Ia memesan satu cup jus alpukat untukku dan satu cup coke untuknya. Ia membayar ke kasir lalu menyerahkan jus itu padaku, aku menerimanya lalu mengucapkan terima kasih.

Ia membalasnya dengan gumaman dan mengacak pelan rambutku. Aku menggerutu padanya,

"Rico tolong hilangkan kebiasaanmu yang satu itu aku tidak suka." Ujarku ketus lalu mengerucutkan bibirku.

"Ngetraktir lo? Oke" Riko berkata santai.
"Ok|eh bukan itu, tapi ngeberantakin rambutku tau." Aku memotong perkataanku dengan cepat, rugi dong aku kalo dia gak neraktir lagi.

"Ogah" dia berkata singkat lalu berjalan meninggalkanku.
"Ya udah" ucapku kesal lalu duduk di bawah salah satu pohon besar. Aku tak mendengar lagi jawabannya, mungkin ia memang tak berniat menjawab perkataanku.

Aku semakin kesal karena sekarang Rico sudah tak terlihat lagi olehku dan ponselku kan di paper bag yang di bawanya. Dasar Riko bego! bawa-bawa paper bag orang, kalo udah gini aku jadi gak bisa ngehubungin Tika dan yang lainnya kan.

Dan sekarang aku di sini, di bangku taman sendirian seperti orang bodoh tanpa ada yang ku kenal dan ponselku, hanya ada sebuah credit card di saku celanaku.

Aku tak yakin jika Rico akan balik lagi, aku juga tak yakin jika credit cardku ini bisa di pakai sekarang. Letak denahnya saja aku tak tahu, dari atas sini aku hanya bisa melihat water park yang sangat ramai dengan anak-anak kecil.
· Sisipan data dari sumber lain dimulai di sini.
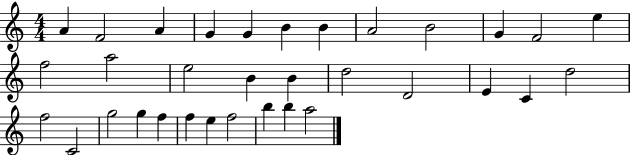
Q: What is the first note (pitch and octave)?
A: A4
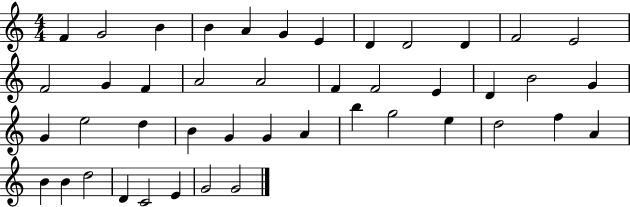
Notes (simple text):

F4/q G4/h B4/q B4/q A4/q G4/q E4/q D4/q D4/h D4/q F4/h E4/h F4/h G4/q F4/q A4/h A4/h F4/q F4/h E4/q D4/q B4/h G4/q G4/q E5/h D5/q B4/q G4/q G4/q A4/q B5/q G5/h E5/q D5/h F5/q A4/q B4/q B4/q D5/h D4/q C4/h E4/q G4/h G4/h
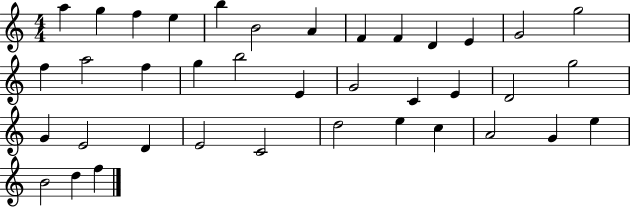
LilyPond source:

{
  \clef treble
  \numericTimeSignature
  \time 4/4
  \key c \major
  a''4 g''4 f''4 e''4 | b''4 b'2 a'4 | f'4 f'4 d'4 e'4 | g'2 g''2 | \break f''4 a''2 f''4 | g''4 b''2 e'4 | g'2 c'4 e'4 | d'2 g''2 | \break g'4 e'2 d'4 | e'2 c'2 | d''2 e''4 c''4 | a'2 g'4 e''4 | \break b'2 d''4 f''4 | \bar "|."
}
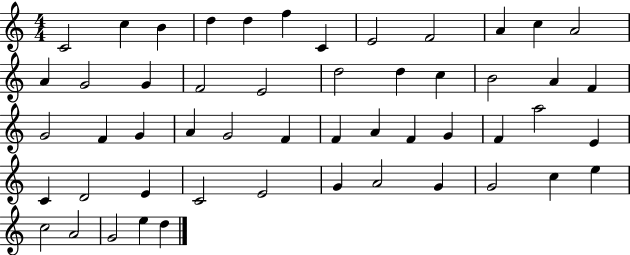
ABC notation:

X:1
T:Untitled
M:4/4
L:1/4
K:C
C2 c B d d f C E2 F2 A c A2 A G2 G F2 E2 d2 d c B2 A F G2 F G A G2 F F A F G F a2 E C D2 E C2 E2 G A2 G G2 c e c2 A2 G2 e d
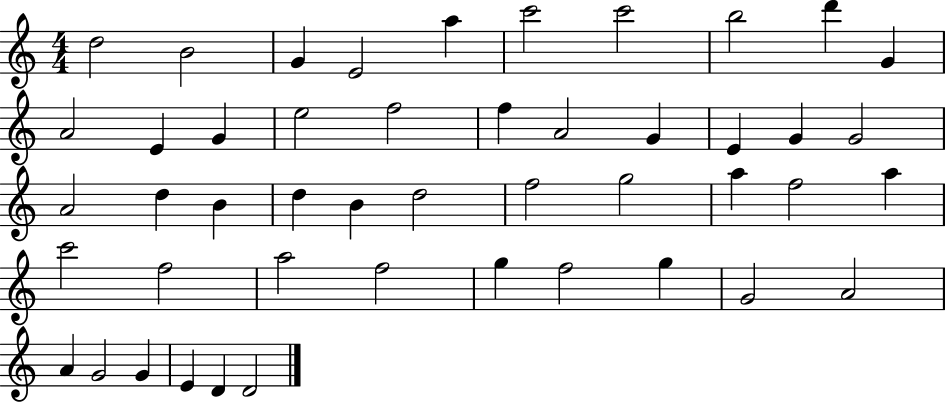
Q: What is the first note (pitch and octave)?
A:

Aku kembali menghebuskan nafasku lelah, oh aku bahkan tidak tahu di mana pintu keluarnya.
Saat aku hendak beranjak pergi untuk mencari teman-temanku, sebuah tangan menepuk pundakku.

Aku membalikkan tubuhku, oh ternyata Rico. Aku menatap Rico kesal, ingatkan aku jika aku masih marah padanya.
"Ngapain lo di sini?" Tanya Rico dengan raut wajah datar seperti biasa.
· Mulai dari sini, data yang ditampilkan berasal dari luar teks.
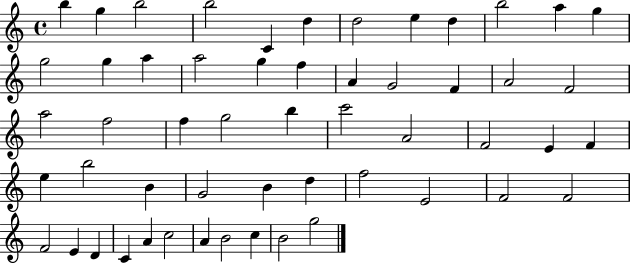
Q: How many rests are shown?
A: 0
"Suka-sukalah" aku menjawab cuek, aku melirik dengan ujung mataku. Ia mendesah pelan lalu bergumam,
"Sorry" katanya singkat. Aku tak menjawabnya, enak saja. Ia meninggalkanku sendirian lalu datang dengan seenaknya mengucapkan maaf secara singkat, berharap di maafkan eh?.

Big No!!!
Aku berjalan di sampingnya tetap diam dan cuek. Rico berdecak, lalu menarik tanganku untuk berjalan lebih cepat.
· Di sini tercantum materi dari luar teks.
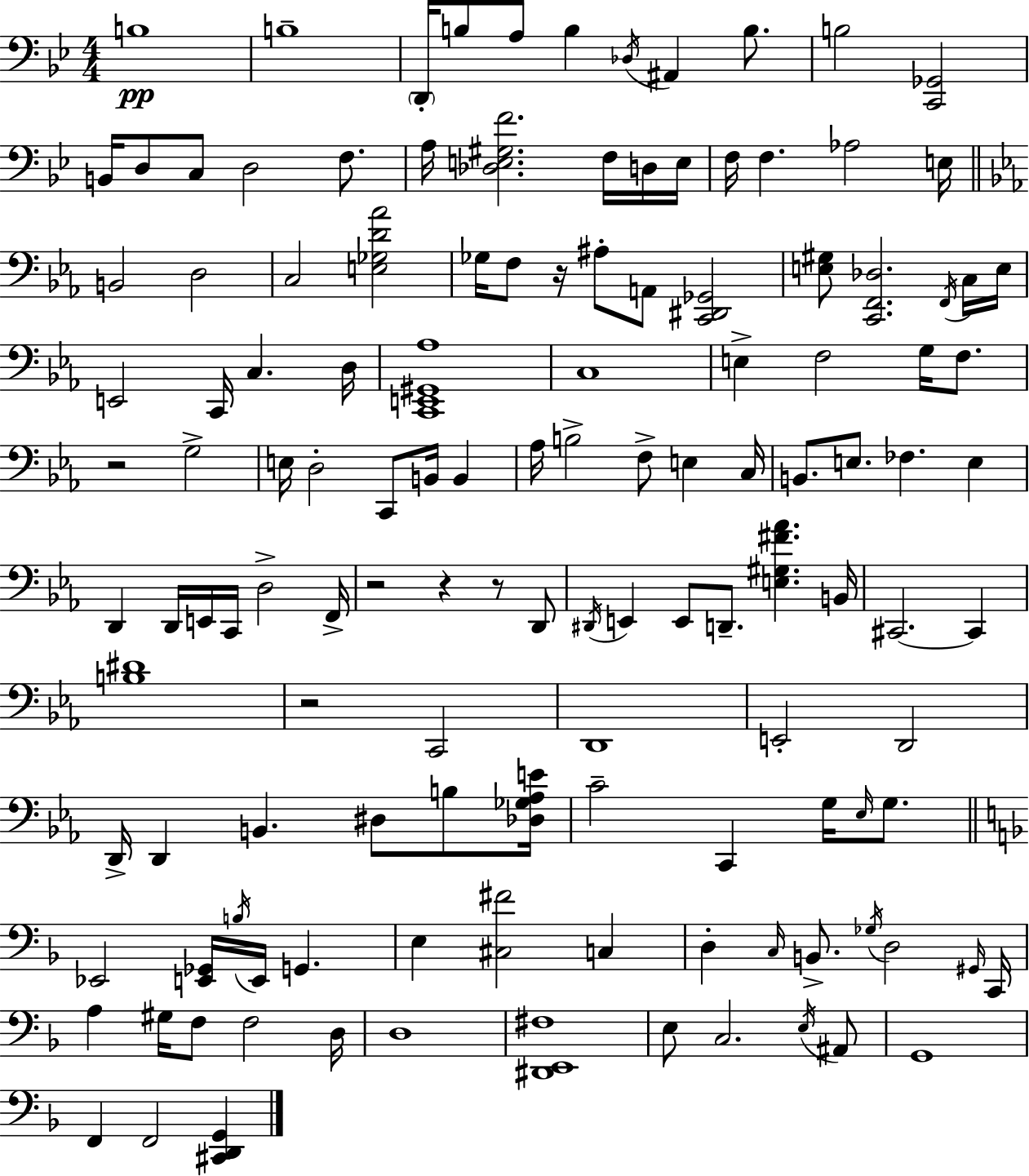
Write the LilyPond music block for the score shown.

{
  \clef bass
  \numericTimeSignature
  \time 4/4
  \key bes \major
  b1\pp | b1-- | \parenthesize d,16-. b8 a8 b4 \acciaccatura { des16 } ais,4 b8. | b2 <c, ges,>2 | \break b,16 d8 c8 d2 f8. | a16 <des e gis f'>2. f16 d16 | e16 f16 f4. aes2 | e16 \bar "||" \break \key ees \major b,2 d2 | c2 <e ges d' aes'>2 | ges16 f8 r16 ais8-. a,8 <c, dis, ges,>2 | <e gis>8 <c, f, des>2. \acciaccatura { f,16 } c16 | \break e16 e,2 c,16 c4. | d16 <c, e, gis, aes>1 | c1 | e4-> f2 g16 f8. | \break r2 g2-> | e16 d2-. c,8 b,16 b,4 | aes16 b2-> f8-> e4 | c16 b,8. e8. fes4. e4 | \break d,4 d,16 e,16 c,16 d2-> | f,16-> r2 r4 r8 d,8 | \acciaccatura { dis,16 } e,4 e,8 d,8.-- <e gis fis' aes'>4. | b,16 cis,2.~~ cis,4 | \break <b dis'>1 | r2 c,2 | d,1 | e,2-. d,2 | \break d,16-> d,4 b,4. dis8 b8 | <des ges aes e'>16 c'2-- c,4 g16 \grace { ees16 } | g8. \bar "||" \break \key f \major ees,2 <e, ges,>16 \acciaccatura { b16 } e,16 g,4. | e4 <cis fis'>2 c4 | d4-. \grace { c16 } b,8.-> \acciaccatura { ges16 } d2 | \grace { gis,16 } c,16 a4 gis16 f8 f2 | \break d16 d1 | <dis, e, fis>1 | e8 c2. | \acciaccatura { e16 } ais,8 g,1 | \break f,4 f,2 | <cis, d, g,>4 \bar "|."
}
Selalu, Rico selalu seperti ini bertingkah seenaknya saja.

Kapan ia tertawa lepas dan cerewet bersamaku? Tidak pernah, oh bukan tapi belum pernah karena akan ku pastikan ia menjadi cerewet dan tertawa lepas suatu hari nanti, tentu saja bersamaku.

Kita tidak tahu isi hati seseorang, maka jangan menerka sesuka hati dan menyimpulkannya sendiri. Setidaknya tanya meski tak ada yang menjawab.